Effect of inclusion current thresholds on the estimation of EPSC waveforms

Different current thresholds, that determined which parts of the recording were included in the regression analysis, were applied to the patch-clamp current traces. The threshold values were multiples of the standard deviation of the respective current trace. Specifically, for each recording, 6 threshold values were evaluated: 1, 2, 3, 4, 5 & 10 10 s.d. of the current trace.

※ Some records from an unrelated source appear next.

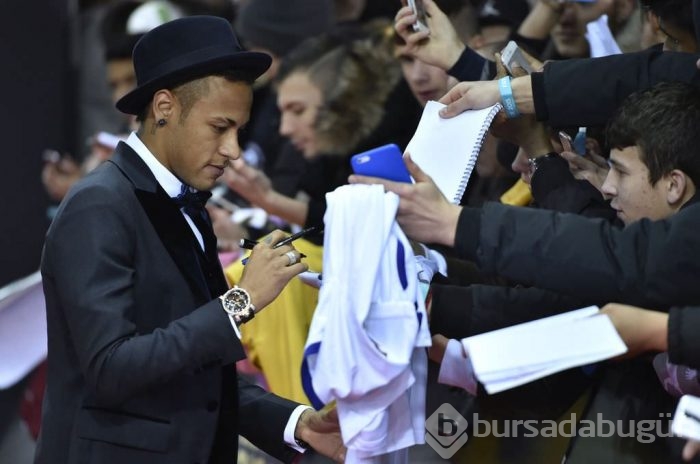 FİFA Ballon d'Or ödül gecesinden kareler
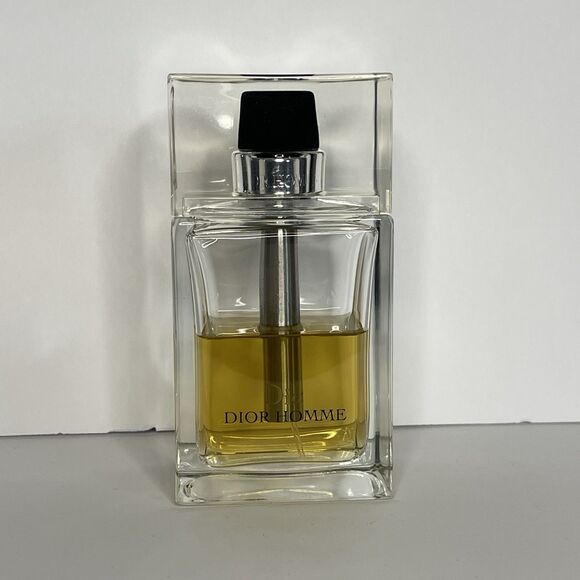 Christian DIOR Homme Silver Stem 3.4 oz 100ml Spray At 50% OG Batch 7L02 Vintage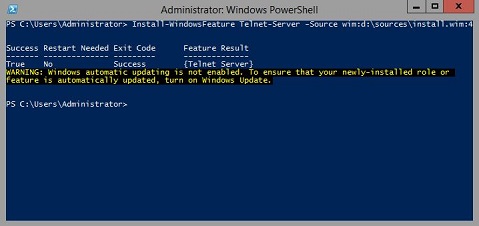Powershell Telnet Install _ 如何使用 Windows PowerShell 在 Windows 上安装 ...
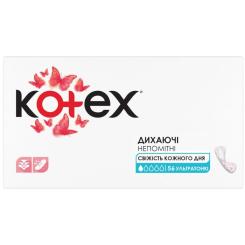 Ежедневные прокладки Kotex Ultraslim 56 шт. Фото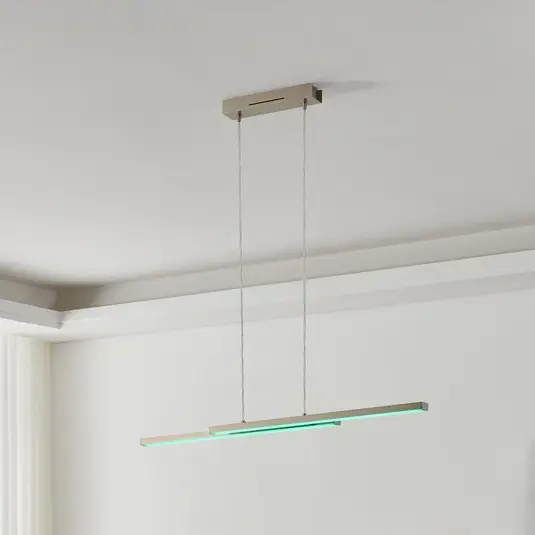 EGLO connect Fraioli-Z LED závěsné světlo nikl Pouze Dnes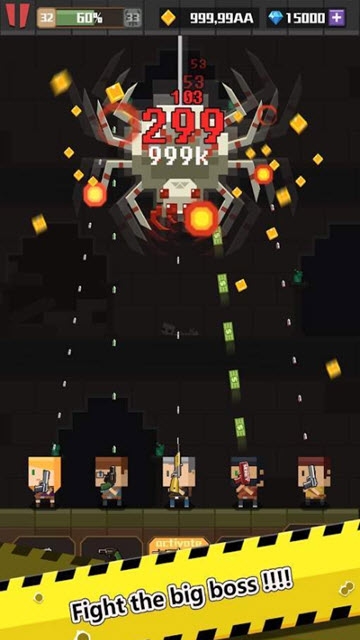 Idle Gun Merge(枪支合成大作战) v1.0.4 安卓版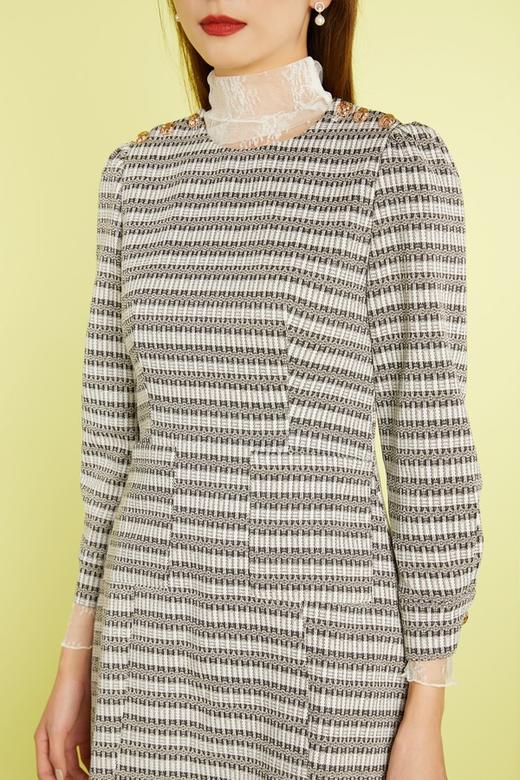 L.Fleuri 收腰显瘦时尚连衣裙 11390 商品图3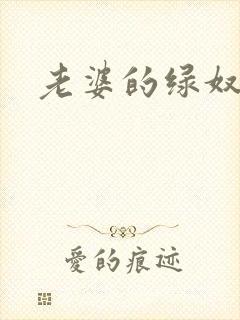 老婆的绿奴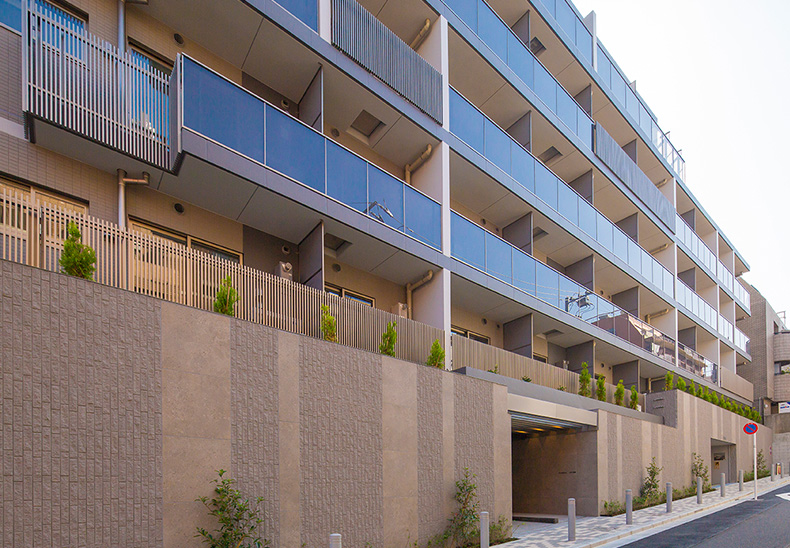 ザ・パークワンズ目黒不動前［2019年12月竣工（分譲済）］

(A) The determined current thresholds across experiments.

(B) We used the EPSCs determined by our STA method, which was performed without any inclusion criteria involving current thresholds, as ground-truth EPSCs. To these ground-truth EPSCs we compared the regression-EPSC estimates that were determined using the different current thresholds. Specifically, for each paired recording, we calculated for each common synaptic input the ratio of the EPSC amplitudes determined by the regression and STA method. The mean of these ratios was calculated for each postsynaptic cell, which is summarized here.

(C) Largest EPSC amplitude for each cell.

(D) Difference between current threshold and largest EPSC amplitude. In all panels, box plots indicate median and interquartile ranges, and whiskers the minimum/maximum values (no outliers). Some extreme whiskers in (A) and (D) were trimmed for better data visibility. [14 cells in (A-D); 9 patched cells in (B), where recordings were only included if at least three common inputs were identified by using the two methods.]

Compared to the EPSC amplitudes determined by the STA method, the different current thresholds had only a small effect on the EPSC amplitudes that were determined by the regression-based method (B). Moreover, the maximum EPSC amplitude that was identified showed little dependence on the current threshold (C). These findings suggested that synaptic inputs exhibited sufficient activity – i.e., for a reliable EPSC estimation – during periods that were selected by even the smallest current thresholds. Moreover, the current threshold values were well above the maximum EPSC amplitudes as confirmed in (D). We chose a threshold of 30 s.d. of the current trace, which resulted in a median current threshold of approximately 200 pA, with sufficient distance to the maximum EPSC amplitude, while also keeping computational costs within a feasible range.

Estimation of synaptic input waveforms based on current-clamp recordings

Two paired HD-MEA and whole-cell patch-clamp recordings were acquired from the same cell in either voltage-clamp (A) or current-clamp mode (B).

(A/B) Top: raster plot of the identified presynaptic units of an example period (corresponding presynaptic cells are marked by grey arrows). Middle: patch-clamp recording (black) and reconstruction based on synaptic inputs (green). Bottom: location of presynaptic cells; one coloured filled circle per cell (black dots: HD-MEA electrodes selected for recording; grey dots: electrodes not recorded from). The same presynaptic cells identified in (A) and (B) have matching colours. The larger the circle the stronger the connection.

(C) Left: Corresponding EPSP- and EPSC-waveform estimates (waveforms from the same input have matching colors). Right: Correlation of EPSP and EPSC amplitudes (linear regression fit; R2 = 0.99).